ジーンズ大手エドウインは29日、裁判によらずに第三者が仲介して再生を図る「裁判外紛争解決手続き」(事業再生ADR)が成立したと発表した。
約230億円の債権放棄(借金の棒引き)を受け、伊藤忠商事の完全子会社となって再建を目指す計画が銀行団に了承された。証券取引の失敗で巨額損失が発覚して以来、2年弱で経営再建が進むことになった。
創業家の常見修二社長は退任し、伊藤忠から後任社長を派遣する。
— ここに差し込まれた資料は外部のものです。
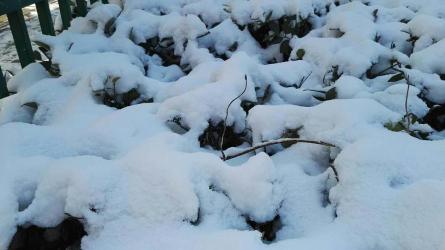 下雪对农事的好处：揭秘“瑞雪兆丰年”背后的科学道理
伊藤忠はエドウインが実施する約100億円の増資を引き受け、360億円を融資するなど財務面でも支援する。
エドウインの13年5月期の決算は、売上高が約499億円、本業のもうけを示す営業利益が約74億円と堅調だ。「経営問題が表面化した後も人気は衰えていない」(都内のジーンズ店店長)という。(読売新聞 5月29日)
商品力が消費者に支持されているのに、証券取引の失敗で躓くとは、つくづくモッタイナイ。かつて財テクという言葉が流行ったときには、金融取引で稼がない企業は時代遅れとも言われたが、バブル崩壊で今度は本業回帰が喧伝され、ネットバブルでふたたび投資熱が沸き起こった。
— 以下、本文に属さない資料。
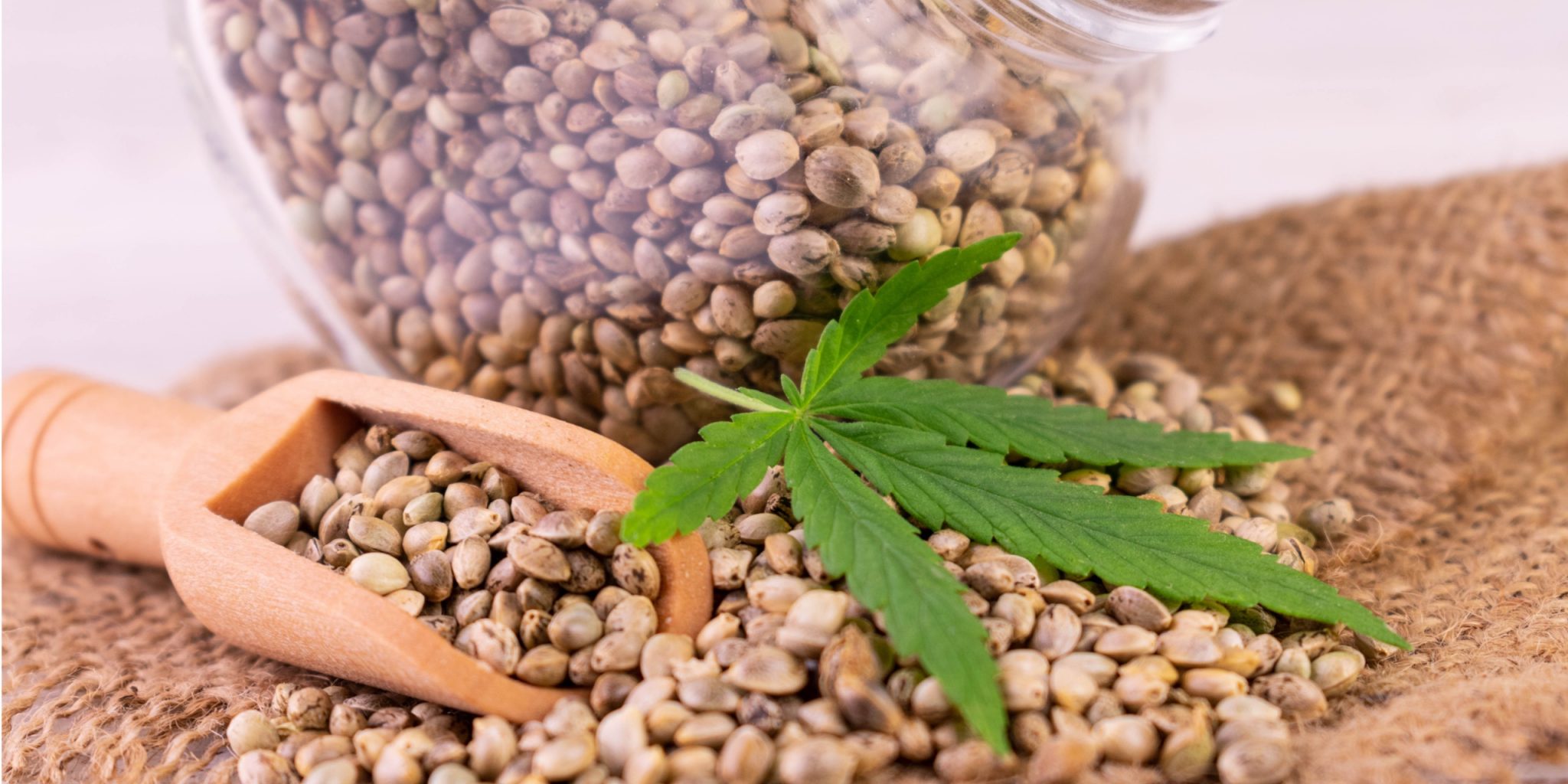 THC psychoaktiv mit medizinischer Wirkung mediorbis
資産の有効活用は当然の施策だが、金融商品でなく、商品開発や人材育成などに投資すればよい。要は本業への投資である。
何ゆえに自社は存在するのか、社会にいかなる価値を提供するのか、社会をどうしたいのか。当たり前のことだが、理念を実現させる手段として事業は位置づけられなければならず、そこには、金融取引で浮利を追いかける余地などあるまい。
金融機関からどんなアプローチを受けようと、理念の実現に真っすぐであればブレることはない。これは、机上の空論でなく現実である。